Start of Given entries

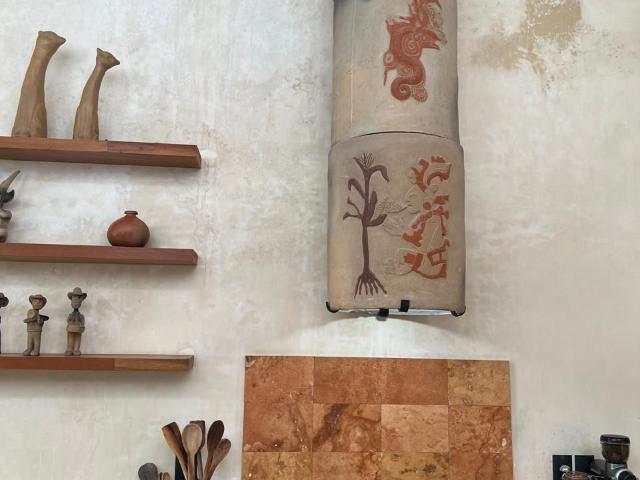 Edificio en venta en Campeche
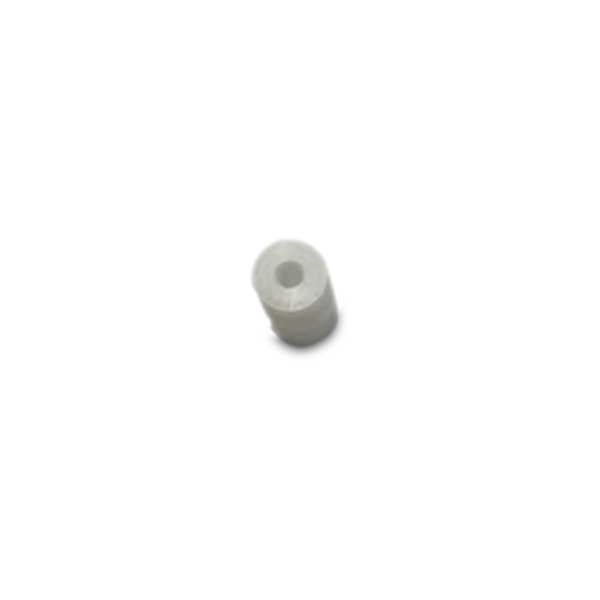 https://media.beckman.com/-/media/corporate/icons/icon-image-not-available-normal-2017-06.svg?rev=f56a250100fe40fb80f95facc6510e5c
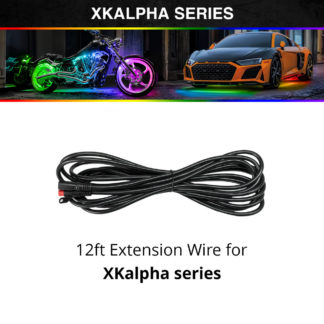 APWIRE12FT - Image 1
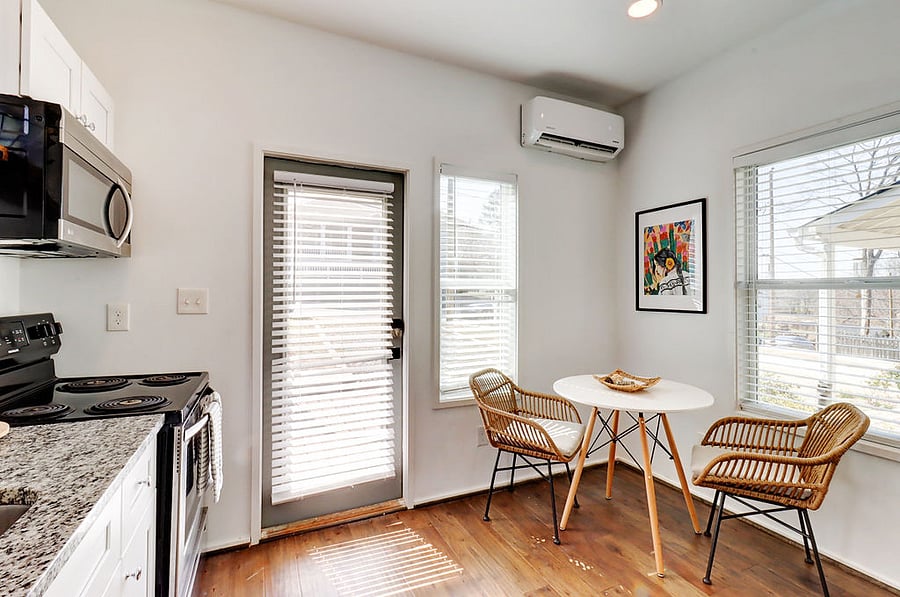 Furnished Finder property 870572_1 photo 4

End of Given entries
Start of Given entries

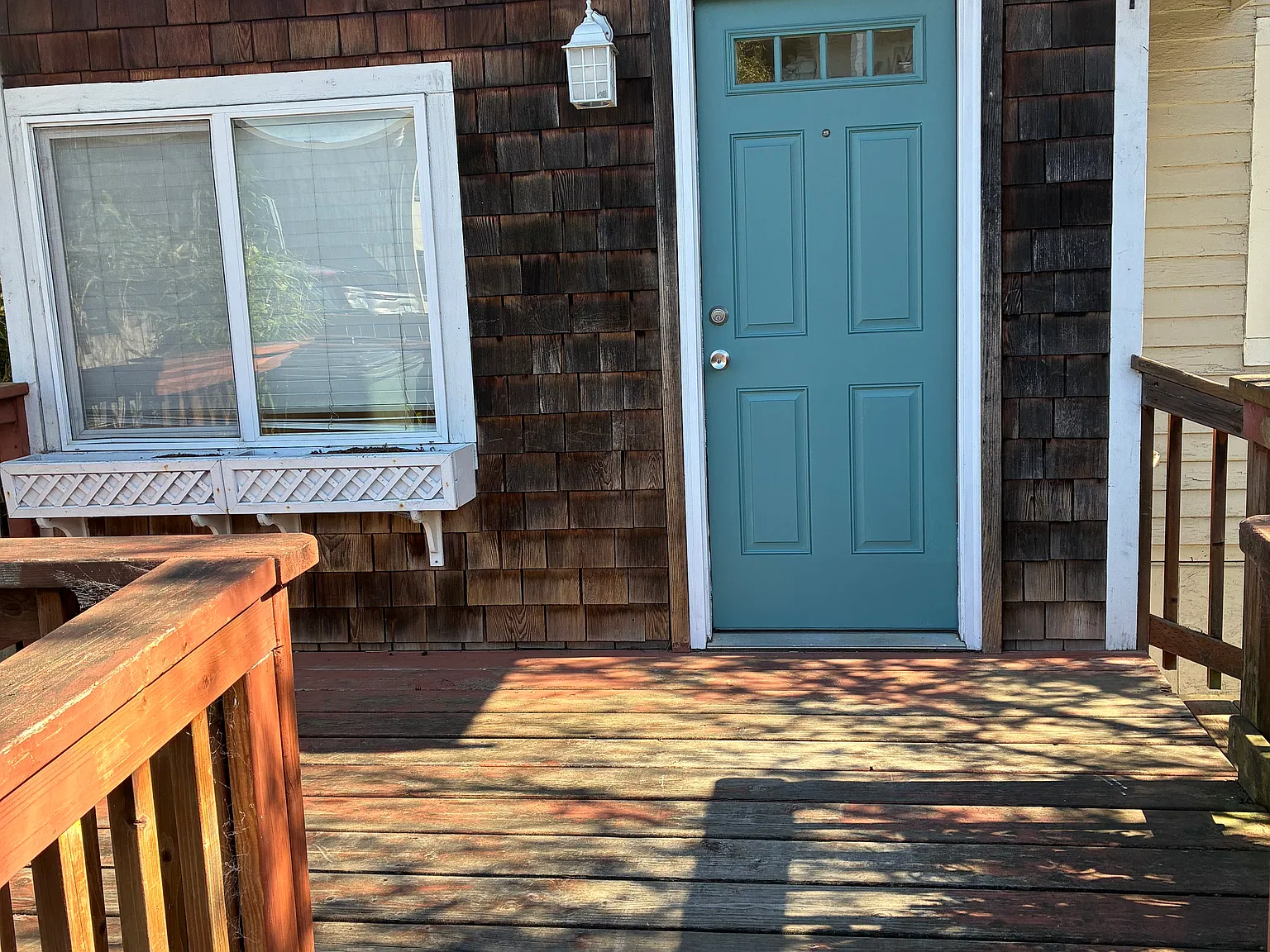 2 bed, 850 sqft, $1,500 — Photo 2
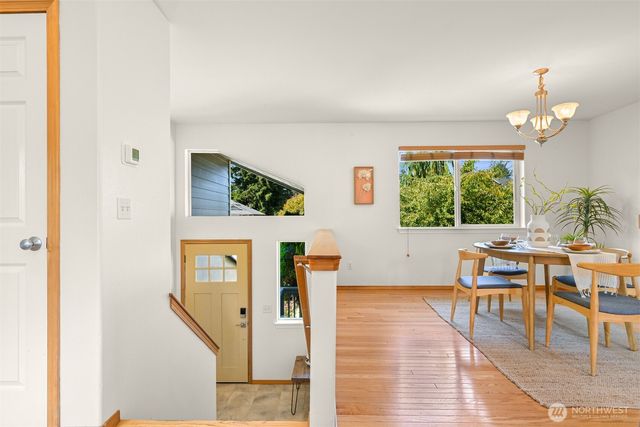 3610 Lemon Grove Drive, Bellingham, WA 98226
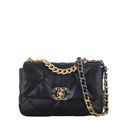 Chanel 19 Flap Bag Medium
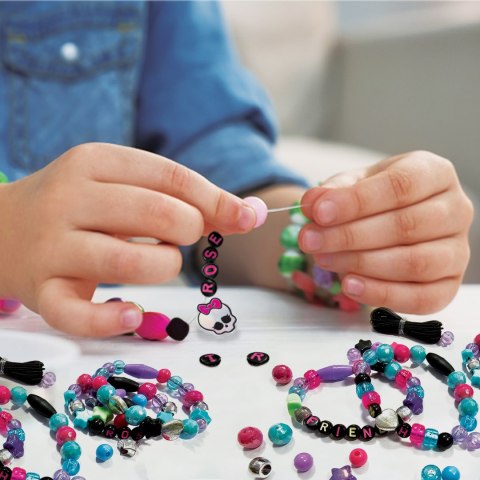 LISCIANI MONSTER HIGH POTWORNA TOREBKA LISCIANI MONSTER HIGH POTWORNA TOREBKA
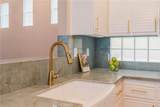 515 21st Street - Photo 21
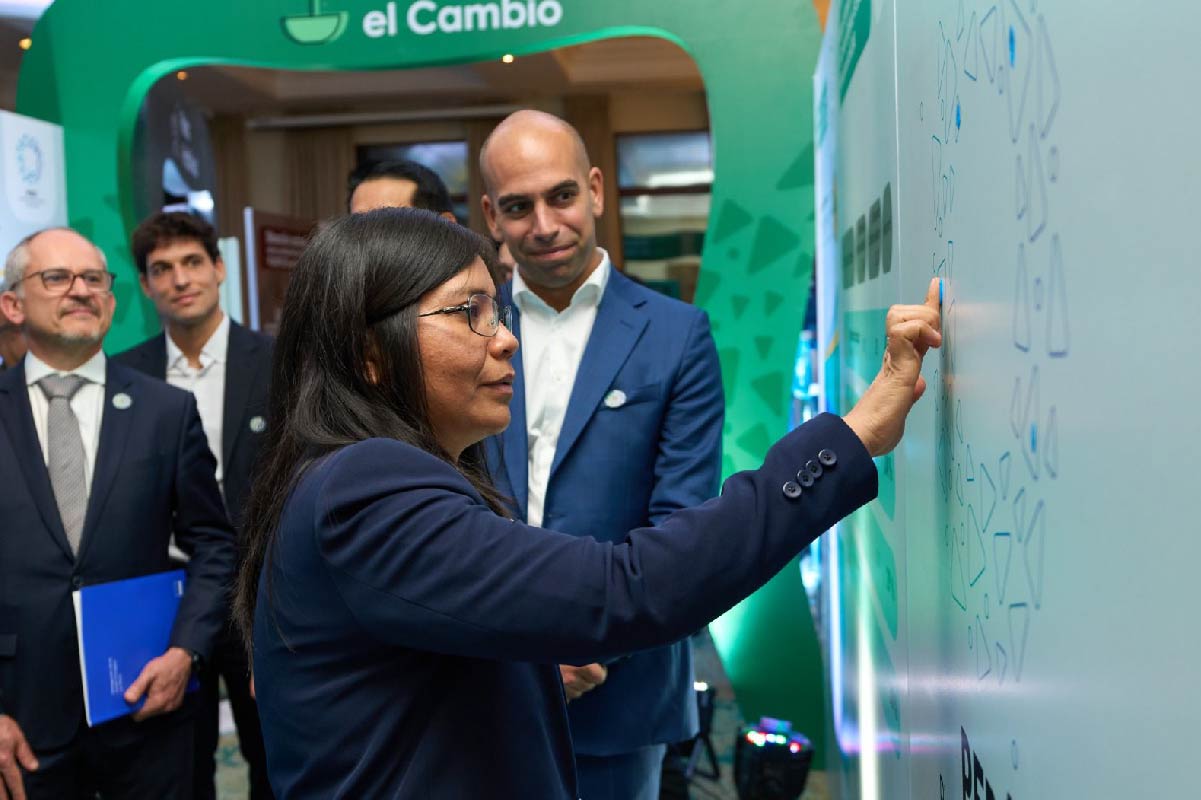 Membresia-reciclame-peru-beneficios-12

End of Given entries
Start of Given entries

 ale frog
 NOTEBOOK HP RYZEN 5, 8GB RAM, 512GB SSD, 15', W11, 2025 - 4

End of Given entries

- What to work on -
Within the entries above, the lines from the one containing "Chanel 19 Flap Bag Medium" through the one containing "Membresia-reciclame-peru-beneficios-12" are to be transcribed exactly, ends included, pictures excluded.

- Output of the task -
 Chanel 19 Flap Bag Medium
 LISCIANI MONSTER HIGH POTWORNA TOREBKA LISCIANI MONSTER HIGH POTWORNA TOREBKA
 515 21st Street - Photo 21
 Membresia-reciclame-peru-beneficios-12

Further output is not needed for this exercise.